Using the records below, transcribe exactly only the lines from the one with "Embroidered T-Shirt Personalised" through the end, both included, and drop every picture.

** DATA **
****************************************
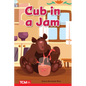 Cub in the Jam: Prek/K: Book 27 - Paperback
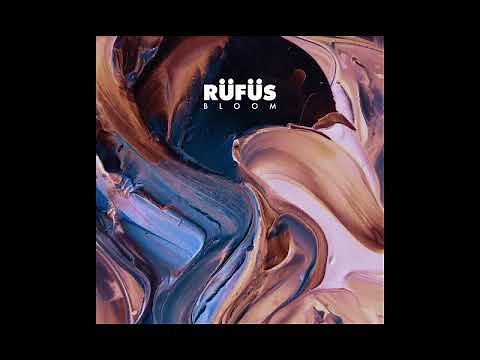 [Indietronic/House] RÜFÜS - "Bloom" (2016) Full Album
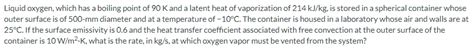 Solved Liquid oxygen, which has a boiling point of 90K ﻿and | Chegg.com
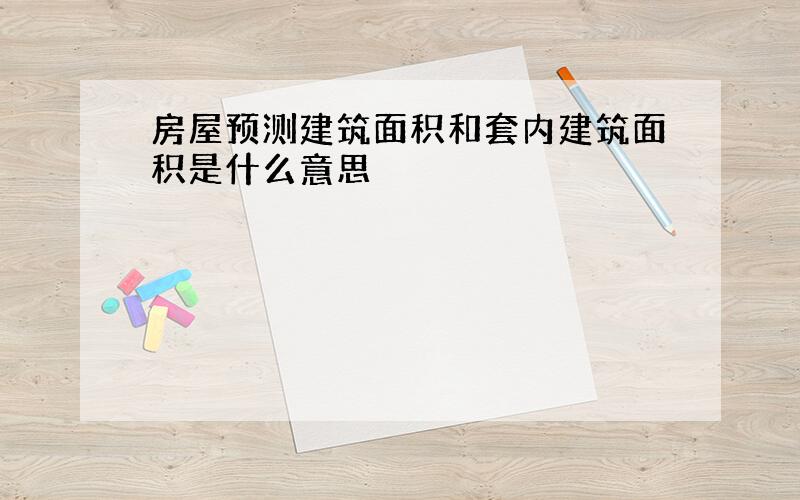 房屋预测建筑面积和套内建筑面积是什么意思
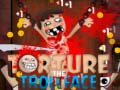 Lojë Torture the Trollface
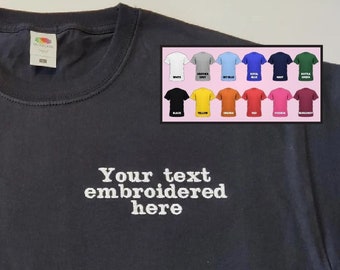 Embroidered T-Shirt Personalised With Your Custom Text Left Breast Design - Colours of Thread - 100% Cotton Mens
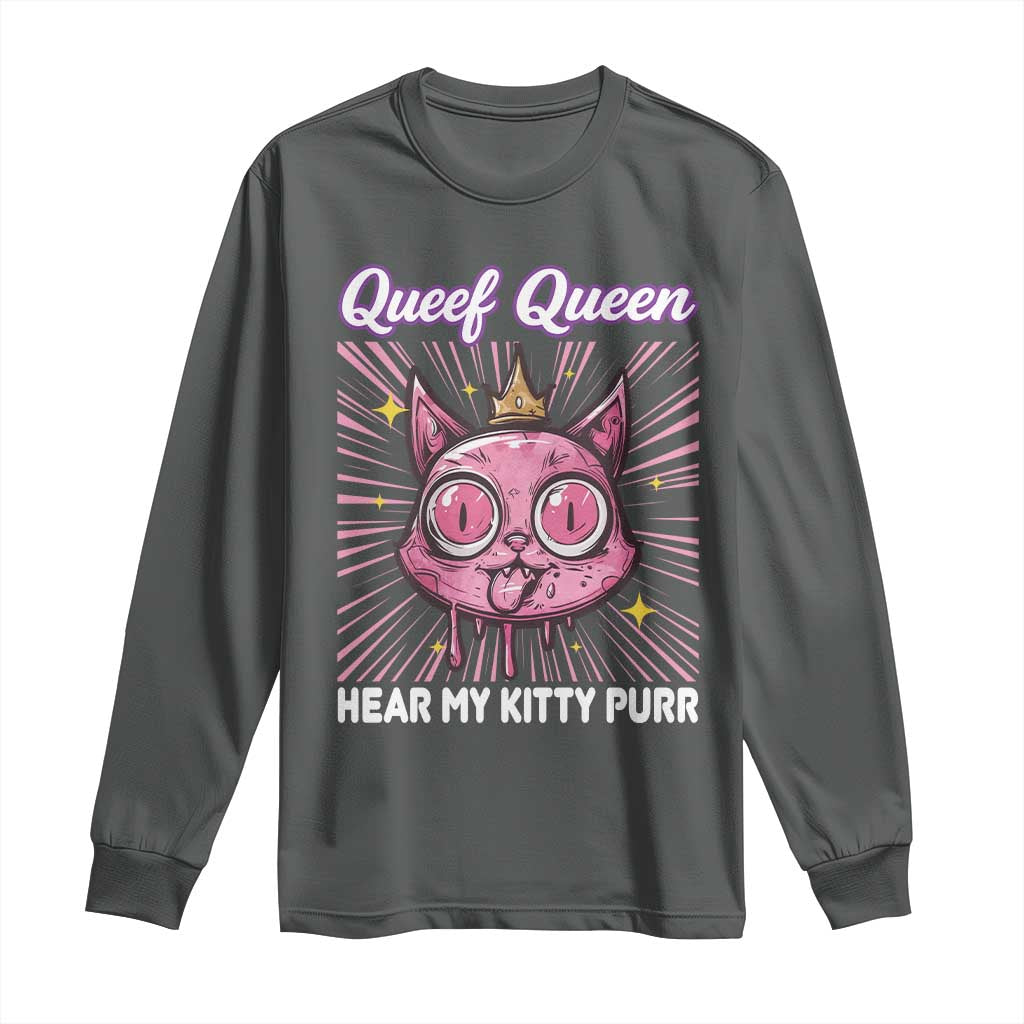 Queef Queen Cat Meme Long Sleeve Shirt Funny Inappropriate Adult Humor - Wonder Print Shop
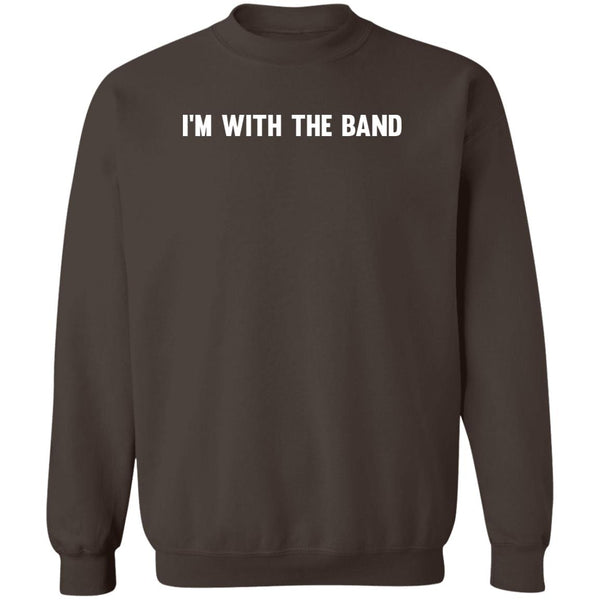 I'm With The Band Sweatshirt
****************************************
** EXERCISE OUTPUT **
 Embroidered T-Shirt Personalised With Your Custom Text Left Breast Design - Colours of Thread - 100% Cotton Mens
 Queef Queen Cat Meme Long Sleeve Shirt Funny Inappropriate Adult Humor - Wonder Print Shop
 I'm With The Band Sweatshirt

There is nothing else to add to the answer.